That’s the direction I’m thinking as well! I didn’t see a manual for the Rogue in the link you posted! I talked to a mechanic I trust and he suggested the BCM as well, but said that it would be something that had to be looked at at the dealership! That was the last place I wanted to go, but at this point I have surrendered and made an appointment to have it checked out!


----------



## Scaramanga (Nov 17, 2019)

Have we checked fuses and relays? I would think if the window motor was straining before it failed you popped a fusible link or a relay, or just a fuse. Are you getting power to the door switch harness? If the BCM was dead, more things would fail, usually in pairs.


----------



## notojsjc (Nov 23, 2019)

We checked the fuses and relay, both were good! And we had no previous issue with the window!


----------



## Scaramanga (Nov 17, 2019)

Yeah if you're getting power to the switch that's odd. Have you checked ground on the motor harness itself? Does everything else electrical on the car work as expected?


----------



## notojsjc (Nov 23, 2019)

Took it to the dealer today! They found a cut wire inside the door!


----------



## Scaramanga (Nov 17, 2019)

Kbam! I knew it wasn't the BCM. Glad it's fixed!


----------



## notojsjc (Nov 23, 2019)

Scaramanga said:


> Kbam! I knew it wasn't the BCM. Glad it's fixed!

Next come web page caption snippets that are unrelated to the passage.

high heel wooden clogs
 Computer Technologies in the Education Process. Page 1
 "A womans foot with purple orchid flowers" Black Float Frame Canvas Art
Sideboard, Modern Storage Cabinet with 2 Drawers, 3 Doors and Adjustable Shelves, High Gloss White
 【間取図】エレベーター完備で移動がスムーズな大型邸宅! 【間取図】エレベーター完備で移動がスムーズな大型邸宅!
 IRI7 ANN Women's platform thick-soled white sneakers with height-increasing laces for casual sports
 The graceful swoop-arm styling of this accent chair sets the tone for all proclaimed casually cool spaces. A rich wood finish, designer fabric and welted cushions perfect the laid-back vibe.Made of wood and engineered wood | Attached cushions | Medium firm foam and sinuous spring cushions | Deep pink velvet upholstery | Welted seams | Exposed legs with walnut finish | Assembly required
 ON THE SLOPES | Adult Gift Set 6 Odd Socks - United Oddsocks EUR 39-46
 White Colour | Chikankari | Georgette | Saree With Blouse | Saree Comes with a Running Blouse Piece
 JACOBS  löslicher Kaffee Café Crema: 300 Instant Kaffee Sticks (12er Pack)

Thanks for all the suggestions!


----------



## Dontgetexsited (Jun 30, 2021)

Have a 2016 nissan rogue back passenger widow came down but now wont come up are down from master switch are the control in the back all other windows work any suggestions


----------



## VStar650CL (Nov 12, 2020)

To determine what the problem is, take the passenger rear switch loose. With a test lamp, you should get a lit bulb between VIOLET/GRAY and a chassis ground. If not there's a broken power wire (see below). If that has power, put the lamp from VIO/GRY to VIO/BROWN and VIO/GRY to VIO/YELLOW. Both should light the lamp. If one doesn't, there's a broken wire between the master switch and the slave switch. If both light, put the test lamp across RED and GREEN. Working the switch should light the lamp in both directions. If not, the slave switch is bad, if so, the motor is bad.

Note that gen2 Rogues in general have a tendency to break wires inside the flex couplings that connect the doors to the car. Since any repair will need to flex too, I don't recommend repairing it if that's the issue. You'll avoid future headaches by replacing the door harness, which isn't terribly difficult. You'll need to check both the driver's door _and_ the door with the stuck window, since everything except the power wires runs between the master switch and the slave switches. So a problem in either flex coupling can cause a slave window to quit working.


----------